The more I think about T-expressions the more I feel that the dotted (setlike) portion really needs to be recursively decomposable. This means that in, eg, a T-expression like

(a . 1 2 3)

the expression ‘really’ needs to be represented internally as

(a . 1 . 2 . 3 .)

and then the parsing and printing convention, is just to suppress all dots after the first.

This means that a setlike expression breaks down into a pair of an element and a set, and the final set is always the empty set (.)

We could call such element-and-set pairs *unions*, to distinguish them from the more conventional conslike *pairs*. (We could also call a union a *column* and a pair a *row*).

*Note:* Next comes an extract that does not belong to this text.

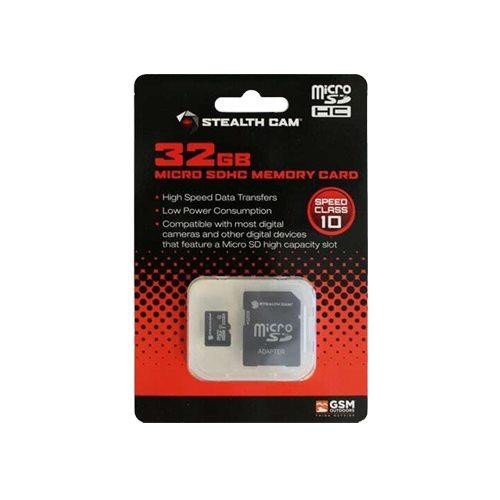GSM StealthCam Micro SD Card 32GB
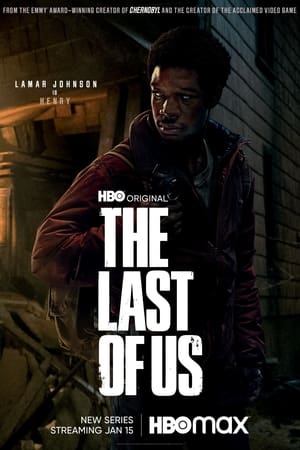 The Last of Us poszter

Types would break down as:

atom

– symbol- number

cons

– union (starts with .)

– term (starts with |)

– pair (starts with .)

Under the more strict (and simpler) T-expression semantics I’ve been thinking about recently, there would be no auto-expanding of setlike expressions inside other setlike expressions. This makes finding equivalents for car/cdr much simpler:

first -takes the first element of a union, or simply returns a non-union

rest – takes the second element of a union, or simply returns a non-union

head – takes the first element of a pair

tail – takes the second element of a pair

The tail of a T-expression pair is *always* a set, even in the case of a simple list such as (a b c), which makes parsing them quite different from S-expressions. To get the equivalent of (cdr X) you would have to take (first (tail X)).

It might be useful to define car as (head first) and cdr as (tail first).

A list probably isn’t the best way to store sets internally. An obvious alternative would be a hash or tree structure (say a red/black tree), and it might be useful to have varying kinds of internal representation. But we still need a way to construct and serialise sets, and that’s probably going to need some kind of canonical ordering.

It becomes especially important if we want to have a Prolog or Kanren like language produce a sensible datastructure for its output: it would be nice if all predicates could return a first-class set of results rather than an ‘answer list’ which is almost, but not quite, entirely unlike a set.

Canonical orderings of computed sets is probably a complicated subject. There’s probably no way to optimise for both searching and generating a computed set. In the Prolog/Kanren way, I think the answer list of a predicate would be in a defined order but not necessarily one well-suited to searching. The idea would be to avoid even generating more sets than necessary.